Hellebores are evergreen perennials that bloom in the fall through late winter and prefer a shady location with good draining soil. Perhaps the terms Christmas Rose or Lenten Rose might sound more familiar — don’t get confused here, they look nothing like roses and bear no relation! Before all the improvements in breeding, flower colors were mostly white to a pale pink and generally nodding downward, which made them a bit difficult to view. Over the years, new cultivars have evolved with more upward-facing flowers and color ranges from pinks to reds in the Christmas Rose varieties, to all the colors of the rainbow (except perhaps blue) in the Lenten Rose varieties. As if those choices weren’t enough to satisfy the most discriminating gardener, you can also find double and picotee flavors that are incredibly showy, especially in a winter garden when there is not a lot of competition for colorful flowers.
As I said earlier, hellebores thrive in shady locations, and don’t mind a little drought as well. They are slow-growing and rarely need dividing, so once planted you almost never need to thin them out. They make great companions to ferns and ornamental grasses and just about any shade-loving plant. If you are short on space in the garden, try planting them in containers with other evergreen, winter hardy perennials or even dwarf conifers. Throw in a colorful pansy now or a primrose in February for an added spark of color.

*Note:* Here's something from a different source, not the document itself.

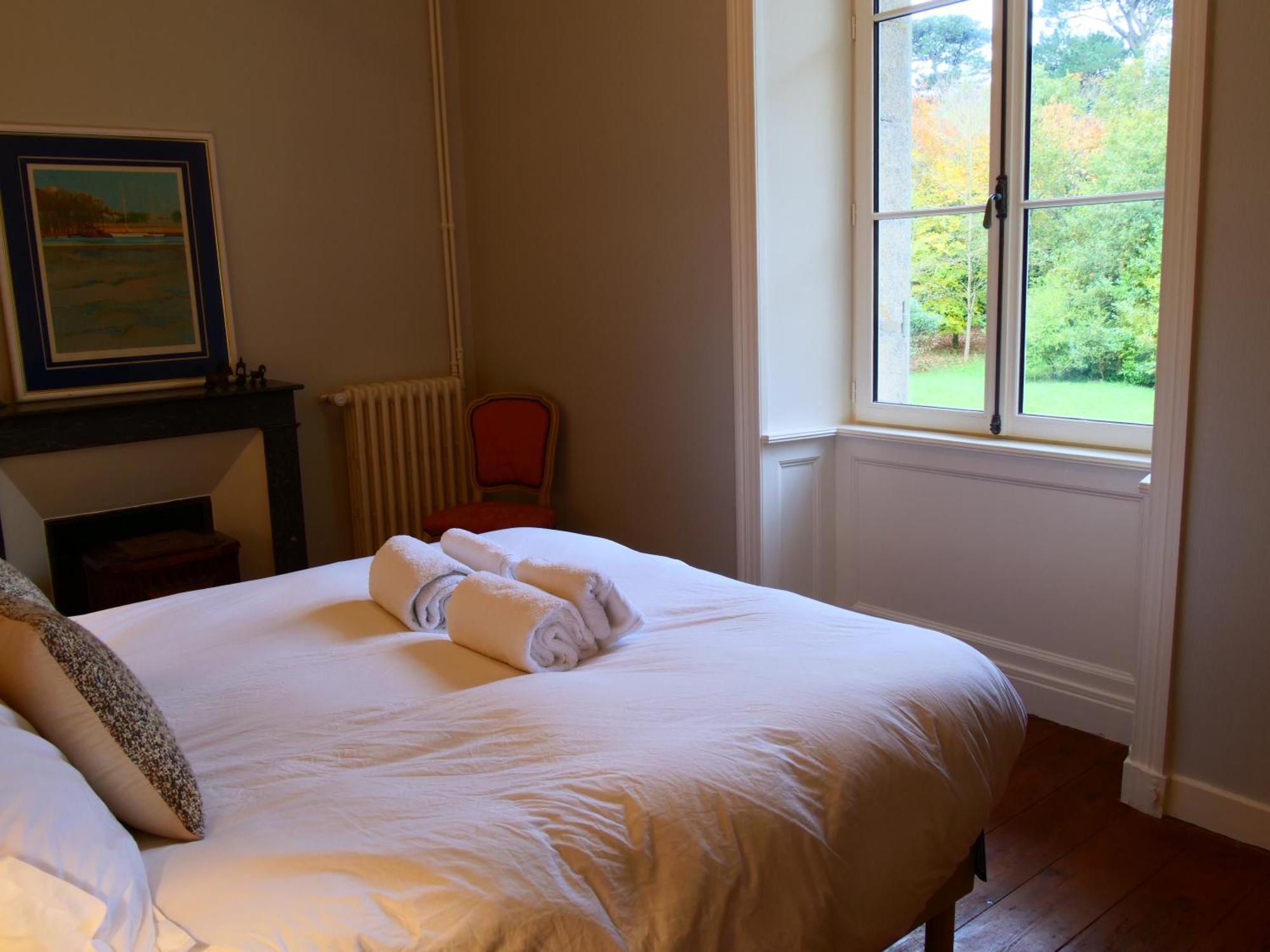 Domaine Du Cloitre Bed & Breakfast Пленеф-Вал-Андре Екстериор снимка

As for care and maintenance, it is best to remove last year’s foliage as the flowers emerge. This will better show off the flowers and it eliminates any source of new infections that might spread to the new growth. Slow-acting organic fertilizers should be applied as the new growth develops, usually in February, and then again in late summer. Sometimes aphids can be a nuisance, but they are easily controlled with a hard blast of water or a natural insecticide like Neem Oil, or even ladybugs. Otherwise, these are pretty much carefree perennials to have in the garden or containers.
There are so many new hybrids on the market that it can be overwhelming, but here are a few I spotted that seem well worth trying.
Ice N Roses series: These hybrids come out of Germany and are part of the Hellebore Gold Collection. They are all excellent choices. “Red” is an outstanding dark red selection with outward-facing flowers. “Picotee” is even more dazzling with bicolor rose-pink and white flowers. “Nightingale” boasts deep dusky red blooms, and for the purer at heart, “Bianco” will brighten up your garden with pure white blooms.
Frost Kiss series: All of these varieties have incredible marbled foliage that adds to the interest. “Anna”s Red” came out a few years ago with huge red flowers. “Dorothy’s Dawn” has light pink flowers held high above the foliage. “Penny’s Pink” has purple buds that open to pink flowers.
“Snow Fever”: This one is grown for the stunning variegated foliage that looks like it is frosted with snow — the flowers are a pale apple-green
“Winterbells”: This is an unusual cross which sports more finely divided foliage and masses of smaller bell-like flowers on top.
Add some winter interest to your garden by checking out the many varieties currently in stock. You won’t be disappointed. Stay safe and keep on gardening.